Now, let’s take a look to a very specific aspect of this major reference work. As a scholar on Latino immigration in the United States, with specialization on Mexican immigrants, I looked immediately for the section on Mexican immigrants and... I guess there is something that I do not understand very well here. In Chapter Five, “Books Focused on Ethnic Studies,” the authors present a section on Central American studies, Cuban studies, Dominican American studies, Mexican American studies, Chican@ studies and Puerto Rican studies… but no Mexicans in the U.S., a category that covers those Mexicans who were born in Mexico, who work and live in the U.S. and who are not American citizens. In Chapter Nine, “Public Policy Issues,” I found a section on “Immigration and Naturalization,” in which there are several references to Mexican immigrants.

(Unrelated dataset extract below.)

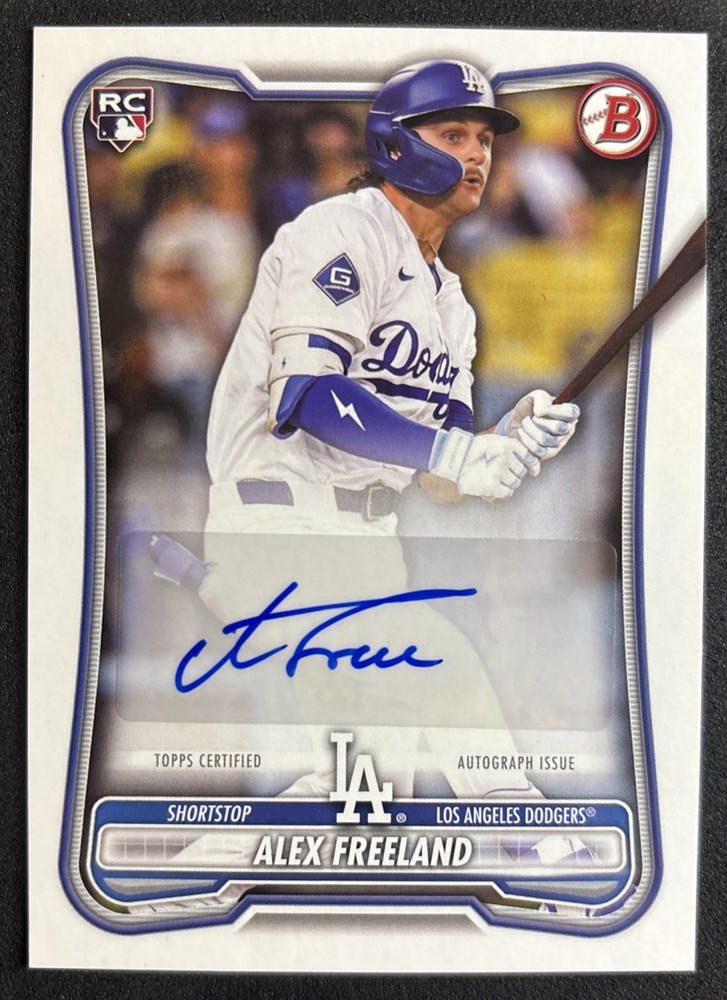 2026 Bowman Baseball Alex Freeland Base Rookie Autograph PRV-AF LA Dodgers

If an inhabitant from Mars would arrive today to our planet and would take the reference guide to see what is the state of the affair with Mexican immigrants in the United States, it would take some time for the Martian to realize that Mexican immigrants are important within the analytical framework of Latino Politics, although the Martians would have to look out specifically hard for the topic. At a first glance, Mexican immigrants appear nowhere in this work.

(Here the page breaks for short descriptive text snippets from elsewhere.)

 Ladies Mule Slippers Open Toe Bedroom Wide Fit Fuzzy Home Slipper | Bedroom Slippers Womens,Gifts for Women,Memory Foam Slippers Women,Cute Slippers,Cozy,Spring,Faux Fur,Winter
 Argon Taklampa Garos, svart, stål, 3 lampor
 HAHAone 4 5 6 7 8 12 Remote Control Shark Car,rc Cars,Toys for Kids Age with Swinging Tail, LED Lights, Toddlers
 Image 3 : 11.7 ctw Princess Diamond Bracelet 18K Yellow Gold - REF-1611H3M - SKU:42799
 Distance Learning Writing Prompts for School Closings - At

Good news is that research on Mexican immigrants appears and appears in good, healthy numbers. I counted the references that included only Mexican immigrants as a main target of research in the sections of National Origin Based Identity, Political Attitudes, Political Participation, and Immigration and Naturalization and found 43 references. This is, a higher number of references than the total combined references that appear under the categories of Central Americans, Cuban Americans, Dominican Americans, Mexican Americans and Chican@s presented in the Ethnic Studies section of the bibliography.

I think it is time to point out the elephant in the room. Researchers cannot skip anymore the importance that embodies Mexican immigrants for Latino Politics, and certainly for American Politics as a whole. Good that this work makes a distinction between Mexican Americans and Chican@ studies from a political perspective, but it is not enough. Mexican immigrants are now about 30% of the foreign-born population of the most powerful country on this planet, and issues like immigration reform are a big deal in Washington D.C. right now. The study of Mexican immigrants goes well beyond the study of “Immigration and Naturalization.”

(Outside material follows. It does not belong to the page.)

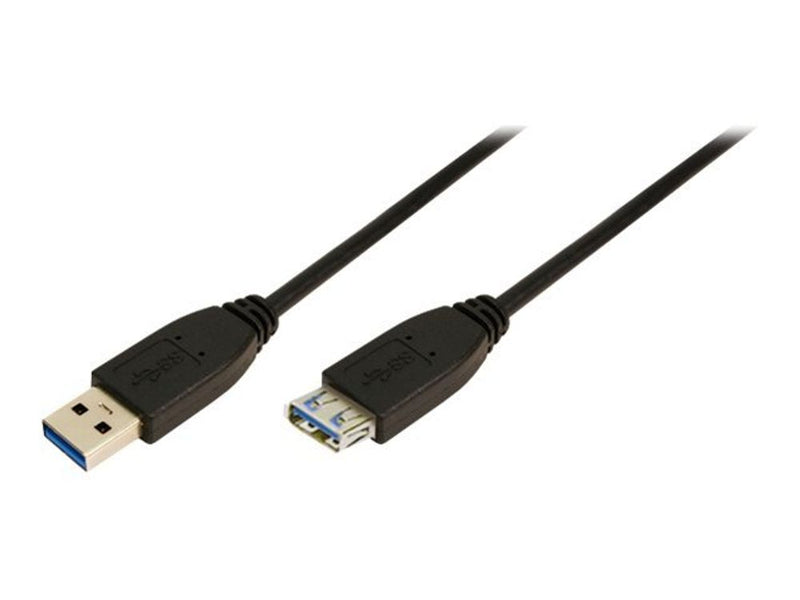 Logilink USB Kabel A -> A St/Bu 2.00m Verl. schwarz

Mexican immigrants deserve a category of their own in this type of macro research. Indeed, the current classification of research on Mexican Immigration in this work gives the impression that the topic is only a subject of incorporation/integration… which is not the case. I also think that changing the scope of this classification by creating a category for Mexican immigrants would contribute in leading researchers to deal in a simultaneous way with issues of assimilation, acculturation and transnationalism, for example.

Finally, I have reorganized the section of Papers, Reports and Field Research in my website. Now the information (on immigration-related research) that is offered in this section has been classified in the following categories: Alphabetical Order; American Cities and States of the Union; Economy; Education and Health; Immigration Reform; (The) Mexican Perspective; Mobilization and Participation; Political Integration/Incorporation; Population; Public Policy; Studies and Field Research; and Undocumented-Unauthorized Immigrants / Illegal Immigration. Enjoy.